HOW TO COMPLETE THIS TASK> Once "Moderne Wandlamp met" turns up in a line below, reproduce that line and those after it exactly, stopping after the line with "Remise des prix"; leave pictures out.

EXTRACTED DATA>
□ □ □ □ □

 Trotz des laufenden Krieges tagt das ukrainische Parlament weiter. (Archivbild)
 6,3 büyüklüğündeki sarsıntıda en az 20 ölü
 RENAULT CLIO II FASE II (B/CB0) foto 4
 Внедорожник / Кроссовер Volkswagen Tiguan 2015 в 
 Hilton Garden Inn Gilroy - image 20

□ □ □ □ □

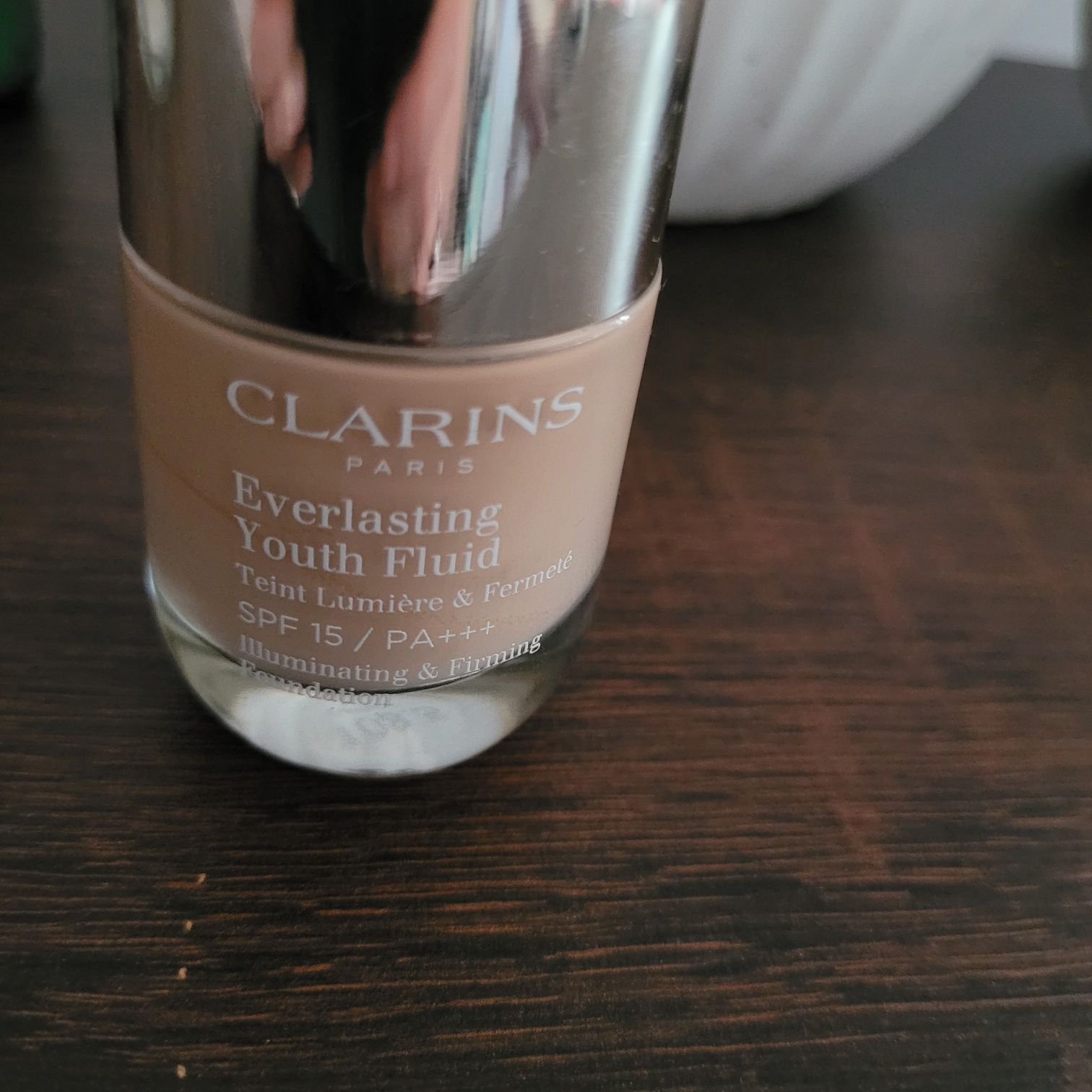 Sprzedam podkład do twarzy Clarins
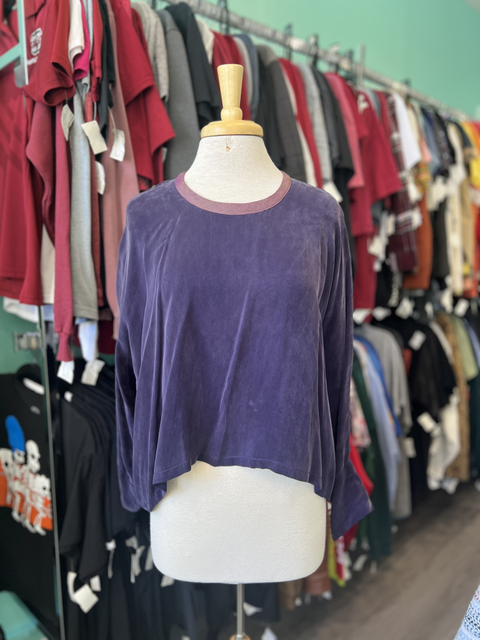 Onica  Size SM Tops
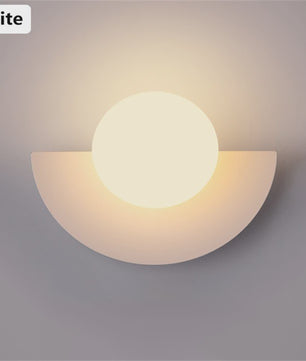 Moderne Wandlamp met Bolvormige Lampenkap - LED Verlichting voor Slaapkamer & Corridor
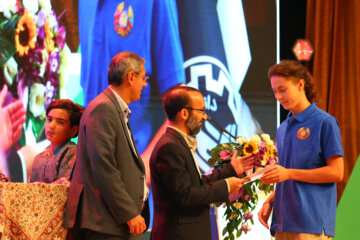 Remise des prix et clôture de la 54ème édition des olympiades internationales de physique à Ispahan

□ □ □ □ □

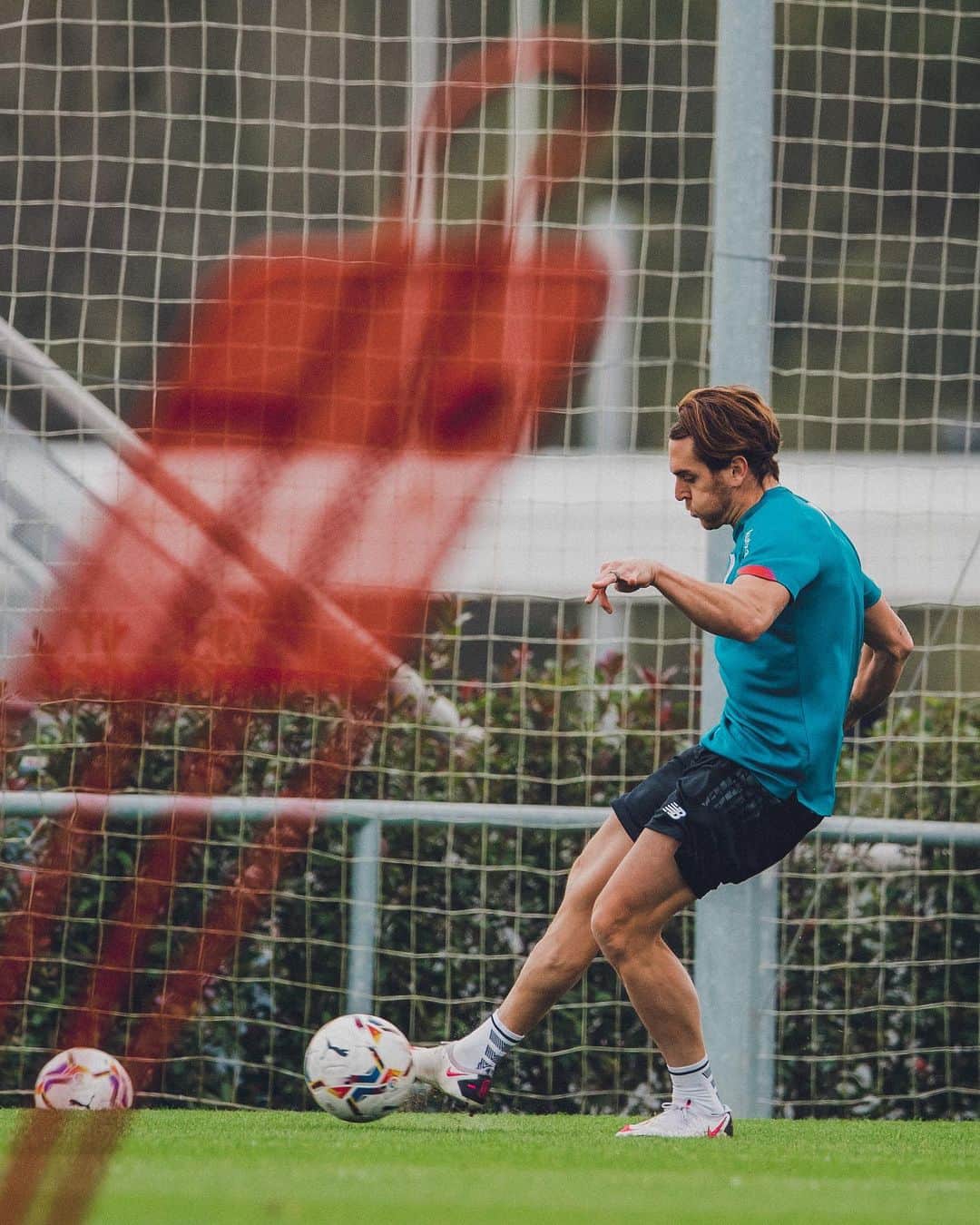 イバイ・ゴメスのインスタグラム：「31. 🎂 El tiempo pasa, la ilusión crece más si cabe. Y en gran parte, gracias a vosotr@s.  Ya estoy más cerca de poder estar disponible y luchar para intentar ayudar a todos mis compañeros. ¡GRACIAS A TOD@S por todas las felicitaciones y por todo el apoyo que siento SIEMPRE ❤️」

□ □ □ □ □

WRITTEN RESPONSE>
 Moderne Wandlamp met Bolvormige Lampenkap - LED Verlichting voor Slaapkamer & Corridor
 Remise des prix et clôture de la 54ème édition des olympiades internationales de physique à Ispahan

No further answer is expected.